Spencer Wishart was an American racing driver active during the early years of the Indianapolis 500. He raced there four times with a best finish of second in 1913, 13 1/2 minutes behind the winner, Jules Goux, the largest winning margin in the history of the race. He was killed in the Elgin National Trophy race in 1914.
Spencer Wishart was born in Philadelphia, Pennsylvania. He was an American racecar driver who always wore shirt and tie under his overalls. He was active during the early years of the Indianapolis 500, where he raced on four occasions.
In 1909 he raced a specially modified Mercedes Grand Prix car in the Vanderbilt Cup. At 19 he showed a maturity that enabled him to finish 4th in a race where many more experienced drivers got caught up in accidents.
By 1911 3.2 million paving bricks had been laid at Indy and in the first running of the 500 he qualified his gray Mercedes, the original Silver Arrow, in 11th and finished a very respectable 4th, having actually led for 5 laps. He improved his qualifying position the next year but retired after 82 laps. In August he bought a stock Mercer from an Ohio dealership and won the Columbus 200 mile race, setting four new dirt track records in the process. He then then took 3rd in the Vanderbilt Cup in October driving his Mercedes.
The following year he switched to a Mercer and was in 19th place at the start of the Indy 500, working his way into second by the finish. He has the dubious distinction of finishing second by the greatest margin in the history of the Indianapolis Motor Speedway, 13 1/2 minutes. He then did well at the races in Elgin in August, finishing 3rd in the Elgin National Trophy. He finished the year with another 3rd in the Brighton Beach 100 mile race in November.
In February 1914 he raced in the Vanderbilt Cup. He led the first lap in his Mercer but then went out with a broken water line. Next up came the Indy 500. He only managed to get onto the grid in 25th place and he went out after 122 laps with a broken cam gear. A second at Sioux City was followed by two days of racing at Elgin for the Chicago Auto Club Trophy on the 21st and the Elgin National Trophy on the 22nd.
He took the lead in the Chicago Auto Club Trophy on the second lap and held until lap 25 when he was passed by Gil Anderson. However all was not well and he retired two laps later with a fuel leak.

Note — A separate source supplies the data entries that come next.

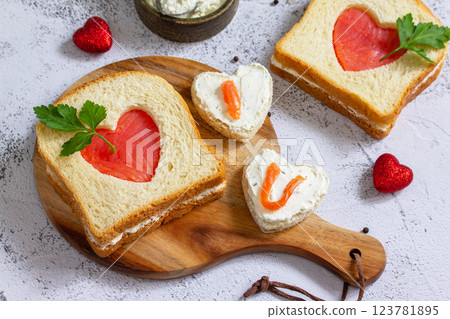 Breakfast for valentine's day or mother's day, toast with salmon and curd cheese with the inscription that I love you. 123781895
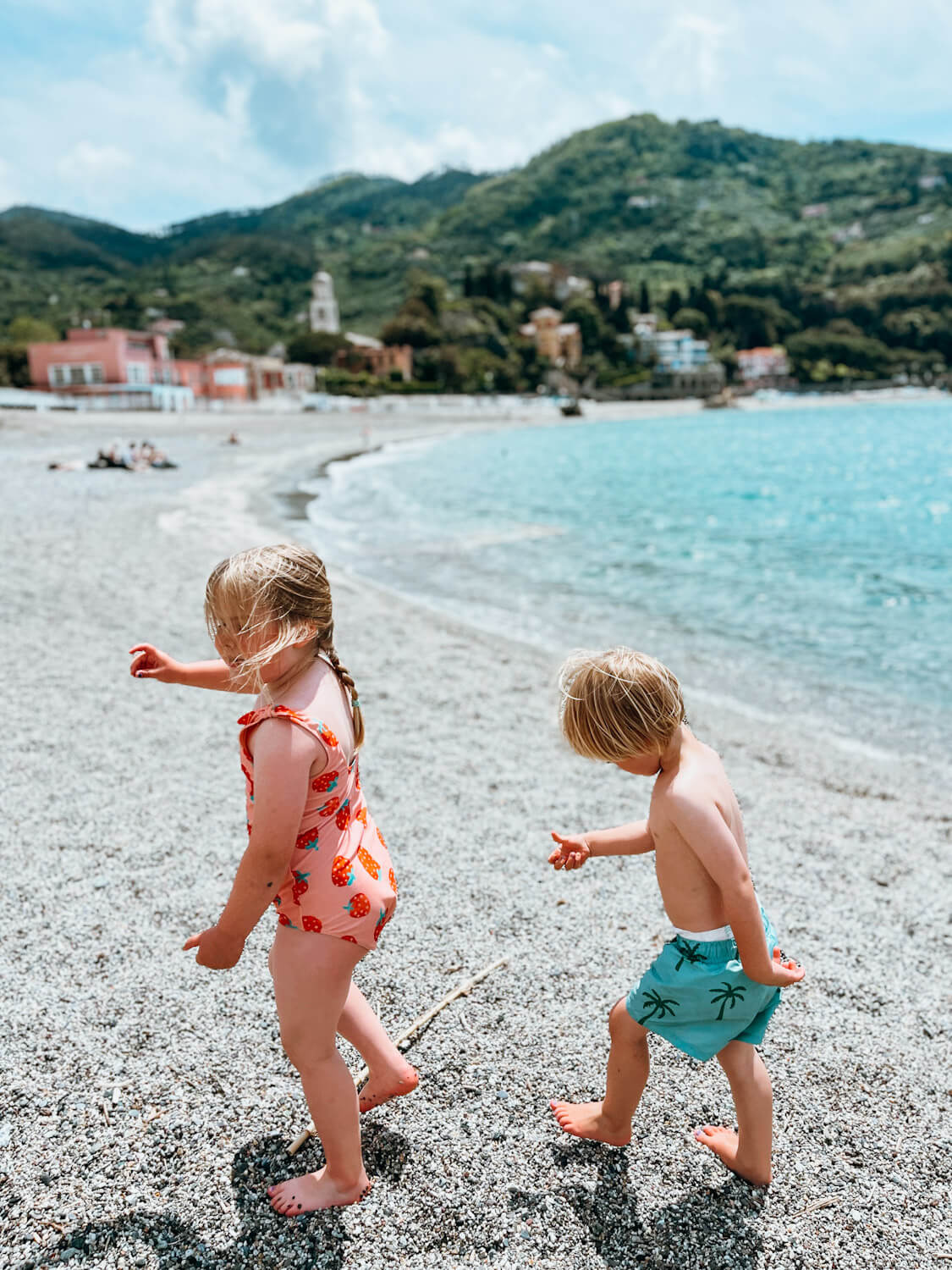 Two children walk along beach in Levanto Italy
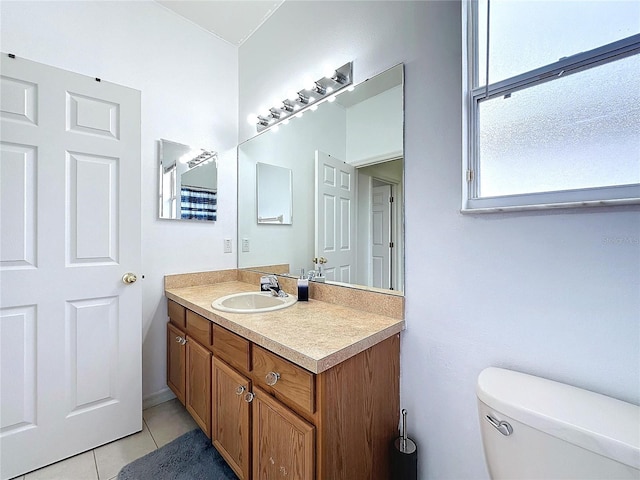 bathroom with tile patterned floors, vanity, and toilet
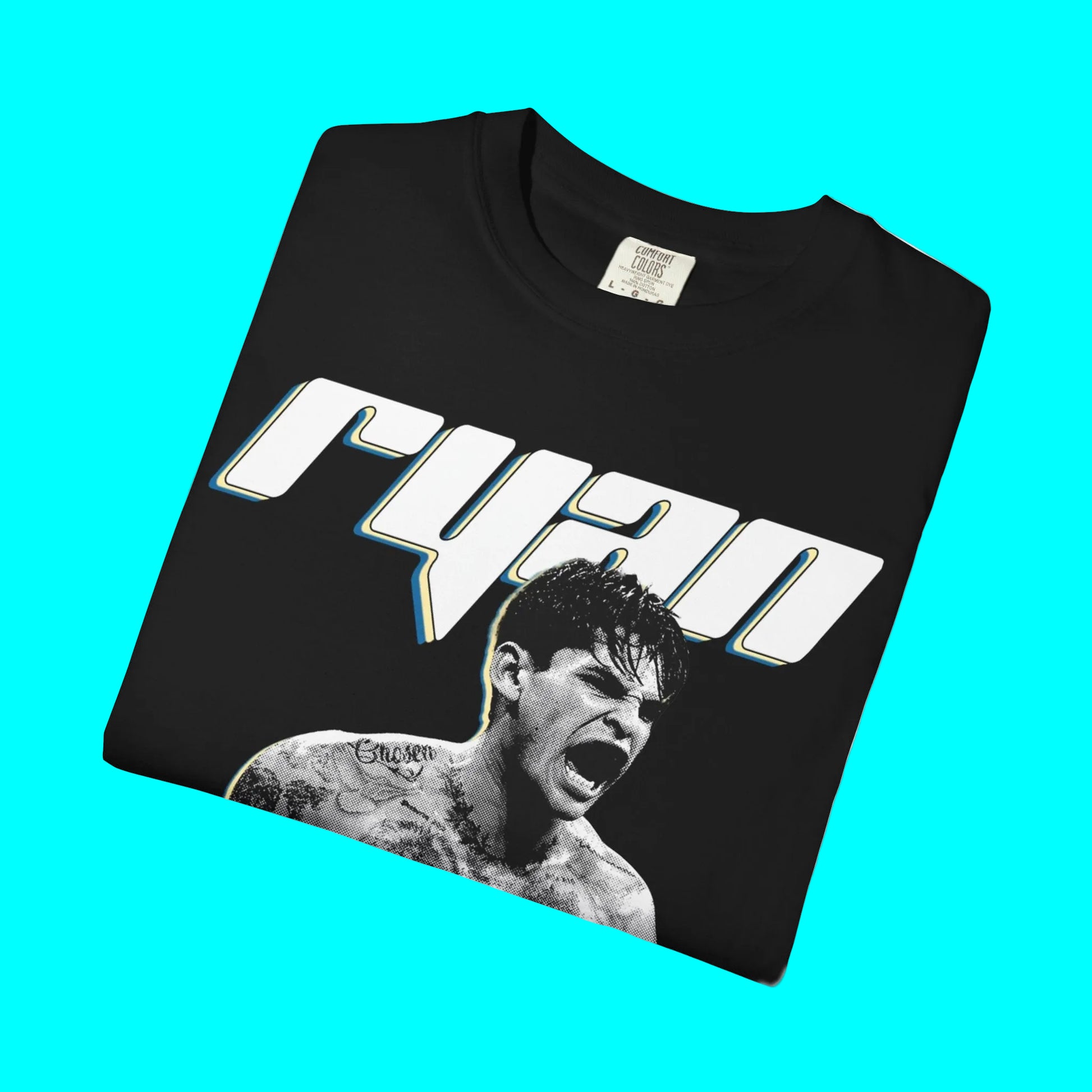 A folded black t-shirt featuring a large white 'ryan' graphic with a blue and yellow outline, and a black-and-white photo of a screaming tattooed man below it, shown on a plain white background.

The next day, in the Elgin National Trophy a AAA national championship race, Wishart was leading again when, on lap 14, his Mercer clipped another Mercer that he was lapping. He went into a ditch and took off, clearing a row of spectators before slamming into a tree. The car did hit one spectator leaving a tire mark on his shirt but amazingly no injuries. Both Wishart and Jack Jenter, his riding mechanic were killed. The accident took place at the northern end of the track now known as Highland Avenue.